ASSIGNED TASK: In the entries below, find the line with "Volvo XC60 Momentum" and the line with "パーソナライズされた深いオレンジの繰り返しファミリ名 フリースブランケット (角)". Repeat exactly everything between them, those two lines included, but not the pictures.

EXERCISE INPUT:
__________

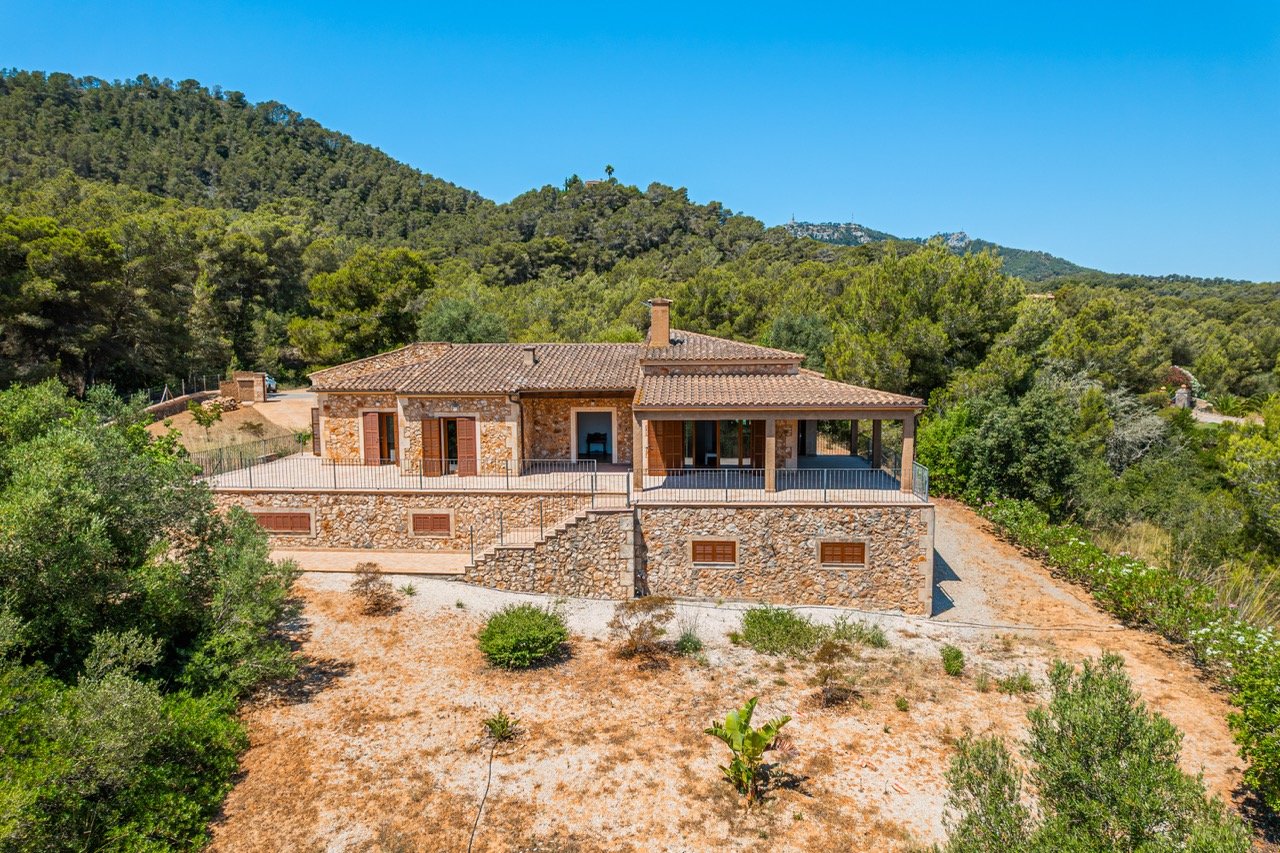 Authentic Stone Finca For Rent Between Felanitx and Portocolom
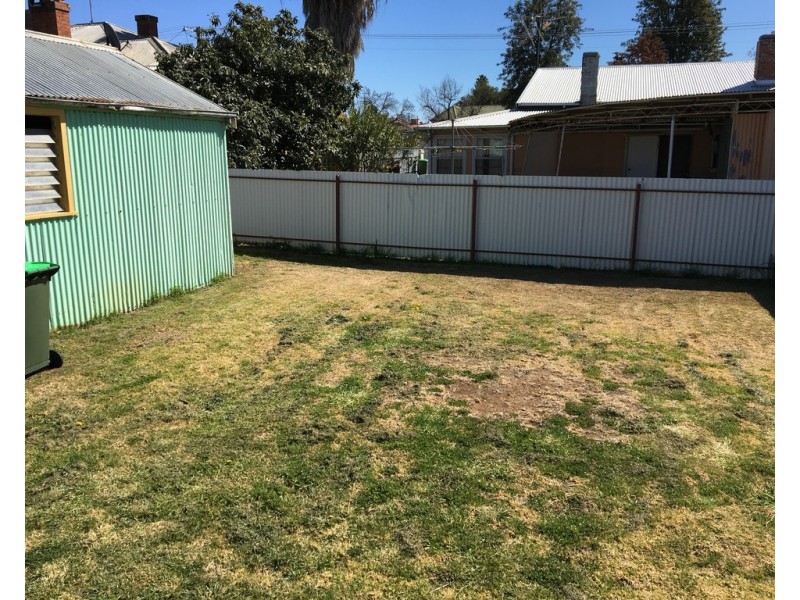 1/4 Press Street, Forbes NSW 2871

__________

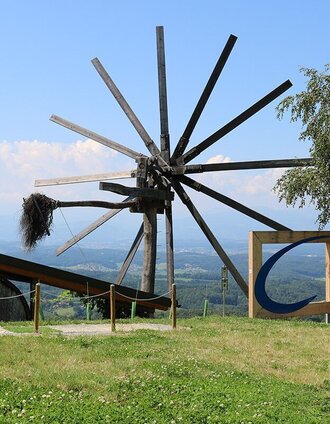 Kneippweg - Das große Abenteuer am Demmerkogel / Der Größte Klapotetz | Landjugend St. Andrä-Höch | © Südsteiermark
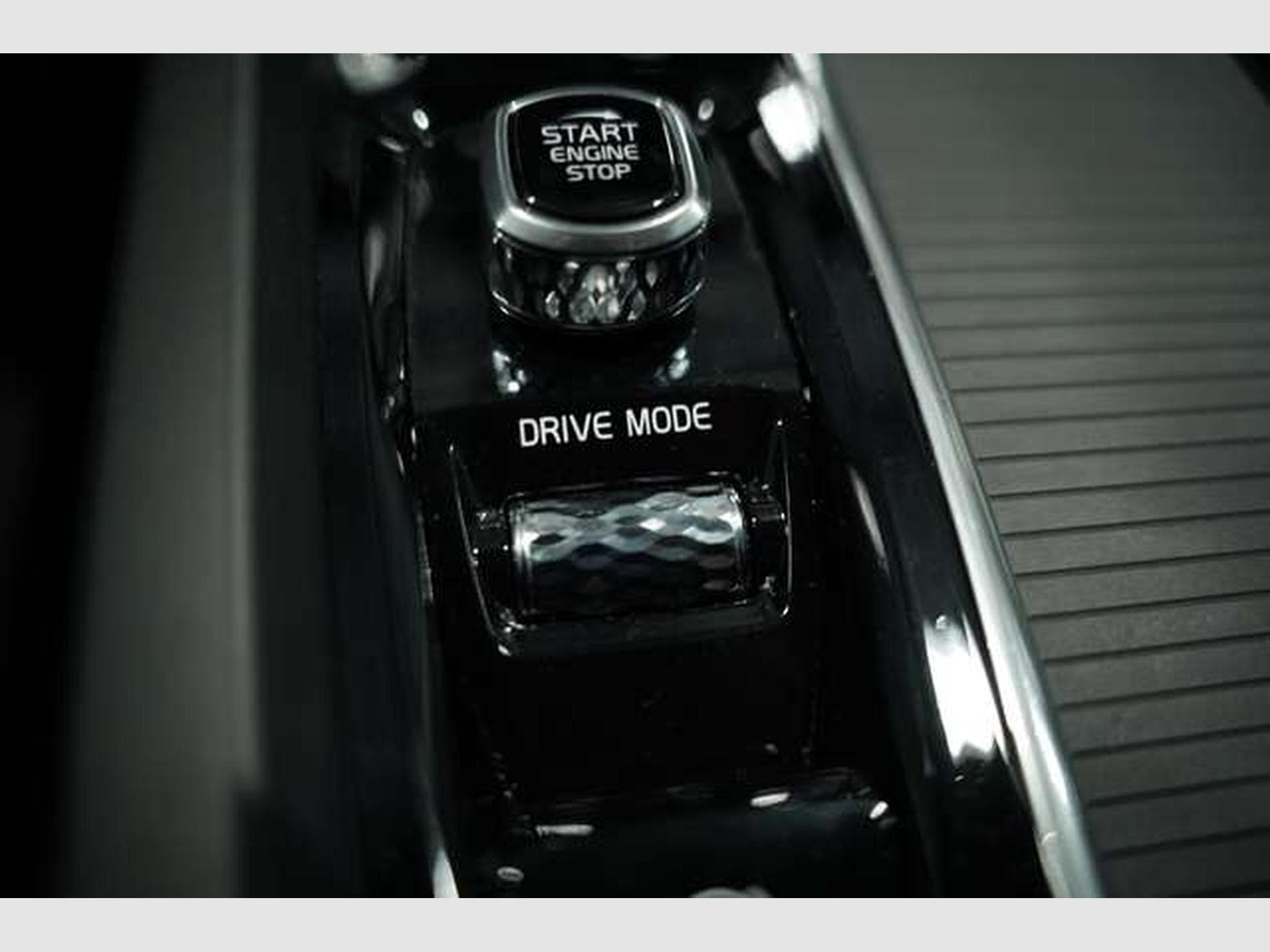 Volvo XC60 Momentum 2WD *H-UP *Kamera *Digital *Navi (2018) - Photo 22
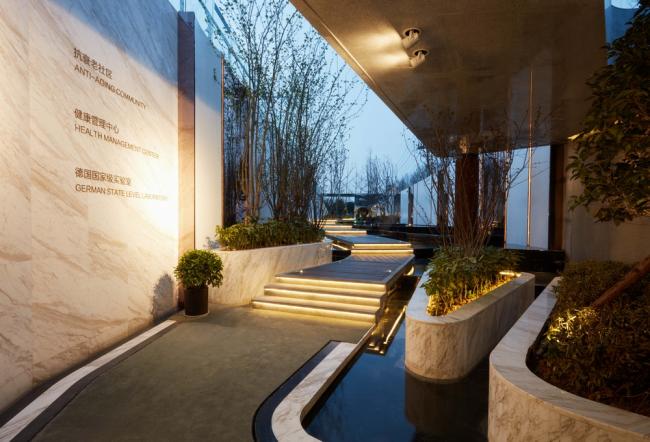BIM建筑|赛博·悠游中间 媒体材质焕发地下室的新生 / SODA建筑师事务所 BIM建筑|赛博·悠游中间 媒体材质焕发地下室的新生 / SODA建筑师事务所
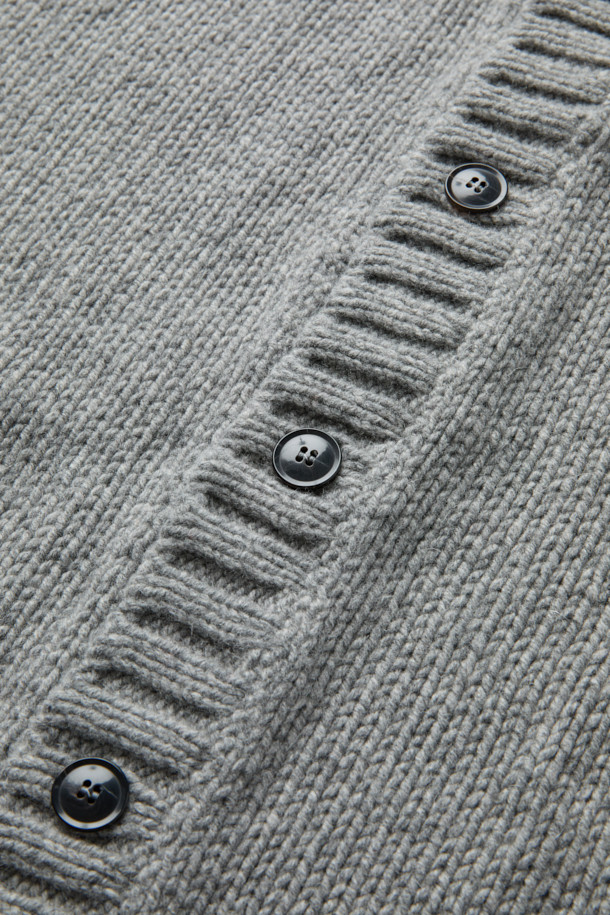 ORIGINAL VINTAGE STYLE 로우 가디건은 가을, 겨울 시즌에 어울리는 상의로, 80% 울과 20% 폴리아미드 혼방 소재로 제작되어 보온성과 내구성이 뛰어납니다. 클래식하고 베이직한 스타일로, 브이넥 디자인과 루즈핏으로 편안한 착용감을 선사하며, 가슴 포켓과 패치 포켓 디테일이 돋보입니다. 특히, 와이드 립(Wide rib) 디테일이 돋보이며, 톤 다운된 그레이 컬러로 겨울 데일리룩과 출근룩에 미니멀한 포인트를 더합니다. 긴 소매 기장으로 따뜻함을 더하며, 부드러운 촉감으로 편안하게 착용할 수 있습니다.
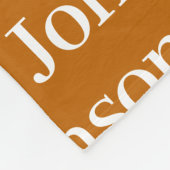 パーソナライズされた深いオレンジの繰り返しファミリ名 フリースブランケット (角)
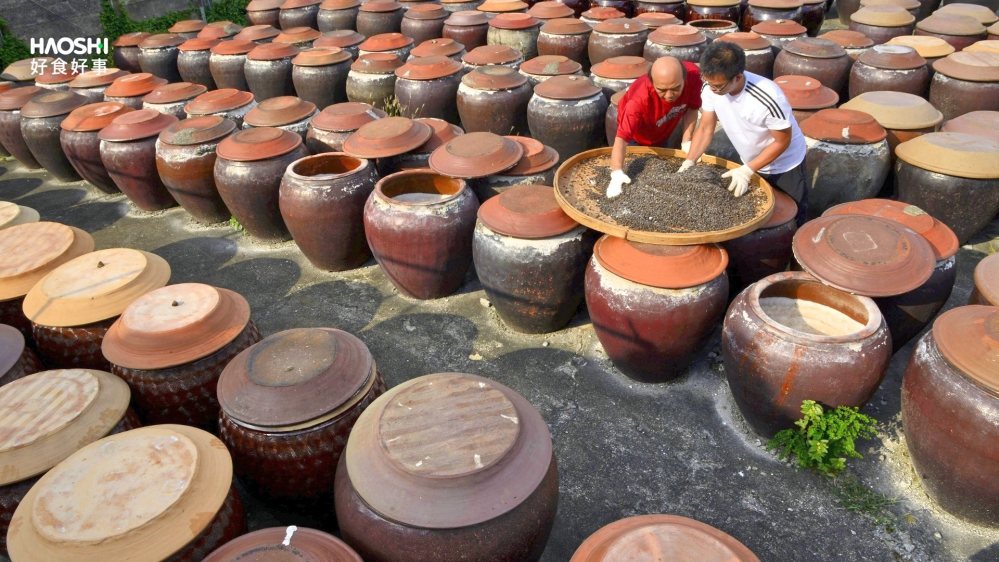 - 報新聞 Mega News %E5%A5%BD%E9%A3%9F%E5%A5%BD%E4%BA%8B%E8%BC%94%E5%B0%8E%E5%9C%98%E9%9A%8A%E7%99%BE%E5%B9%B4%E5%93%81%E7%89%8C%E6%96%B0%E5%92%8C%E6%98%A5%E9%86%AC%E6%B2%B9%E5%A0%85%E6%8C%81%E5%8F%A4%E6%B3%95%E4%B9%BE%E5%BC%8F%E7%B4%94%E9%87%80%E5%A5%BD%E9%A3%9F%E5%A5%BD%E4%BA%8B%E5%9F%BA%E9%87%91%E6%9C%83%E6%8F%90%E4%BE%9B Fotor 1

__________

EXERCISE RESULT:
 Volvo XC60 Momentum 2WD *H-UP *Kamera *Digital *Navi (2018) - Photo 22
BIM建筑|赛博·悠游中间 媒体材质焕发地下室的新生 / SODA建筑师事务所 BIM建筑|赛博·悠游中间 媒体材质焕发地下室的新生 / SODA建筑师事务所
 ORIGINAL VINTAGE STYLE 로우 가디건은 가을, 겨울 시즌에 어울리는 상의로, 80% 울과 20% 폴리아미드 혼방 소재로 제작되어 보온성과 내구성이 뛰어납니다. 클래식하고 베이직한 스타일로, 브이넥 디자인과 루즈핏으로 편안한 착용감을 선사하며, 가슴 포켓과 패치 포켓 디테일이 돋보입니다. 특히, 와이드 립(Wide rib) 디테일이 돋보이며, 톤 다운된 그레이 컬러로 겨울 데일리룩과 출근룩에 미니멀한 포인트를 더합니다. 긴 소매 기장으로 따뜻함을 더하며, 부드러운 촉감으로 편안하게 착용할 수 있습니다.
 パーソナライズされた深いオレンジの繰り返しファミリ名 フリースブランケット (角)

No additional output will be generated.